Eu e o repórter fotográfico Júlio Caesar fizemos vigília em frente aos hospitais de Campanha (Presidente Vargas) e Leonardo Da Vinci para contar os Encontros e despedidas de quem foi ter pela derradeira vez com bem-querer ou teve o alívio de retorná-lo vivo para casa. Avós, filhas, mães, irmãs, pais, tias...

 


A derradeira vez com a mãe

A neta, os dois filhos e o marido da neta foram ver pela última vez Maria Lúcia da Silva Nascimento. A mãe de todos, que viveu 80 anos por aqui, estava há uma semana na área vermelha do Hospital Leonardo Da Vinci e não resistiu à invasão da Covid-19. Ver alguém pela última vez virou um hábito antigo em Fortaleza, por conta da pandemia. Rápido, em dois meses, o novo coronavírus envelheceu alguns costumes, crenças e mentalidades.

"A hora do encontro também é despedida..."

Ninguém pode vê-la.
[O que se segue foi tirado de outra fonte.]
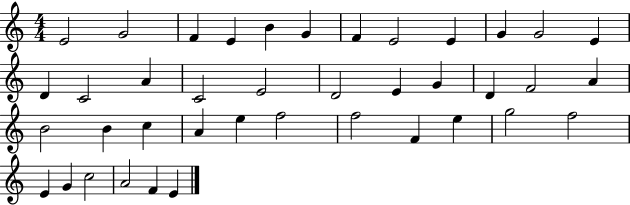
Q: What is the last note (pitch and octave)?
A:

Ninguém a via há pelo menos duas semanas quando foi internada na UPA do Autran Nunes, na periferia da capital cearense e, depois, transferida para o isolamento do Leonardo da Vinci, na Aldeota.

Souberam da morte da matriarca Maria Lúcia e correram para liberar o corpo, o último encontro. Não puderam se despedir num velório entre familiares, parentes, vizinhos e amigos da moradora do bairro João XXIII. “Ligaram para minha irmã e ela me deu o recado para vir buscar mamãe”, lamentava Aderson de Lima um dos quatro filhos da dona de casa.

A irmã de Aderson da Silva, Aldenísia, filha de Maria Lúcia, também estava internada por causa da Covid-19 a poucas ruas do Leonardo Da Vinci. Num outro Hospital, a Otoclínica, brigando contra a inopinada da infecção que se espalhou por Fortaleza. Não deu tempo se despedir da mãe.

"Tem gente a sorrir e a chorar. E assim, chegar e partir..."

“Vai ser caixão lacrado. Sem velório, sem nada. Sai daqui, vai direto para o cemitério”, ressentiu Aderson que entrava e saia com Haroldo, outro irmão, na recepção do hospital. Desde meio dia tentavam levar a mãe dali e descansá-la num sepultamento. Já passava das 16 horas e nada.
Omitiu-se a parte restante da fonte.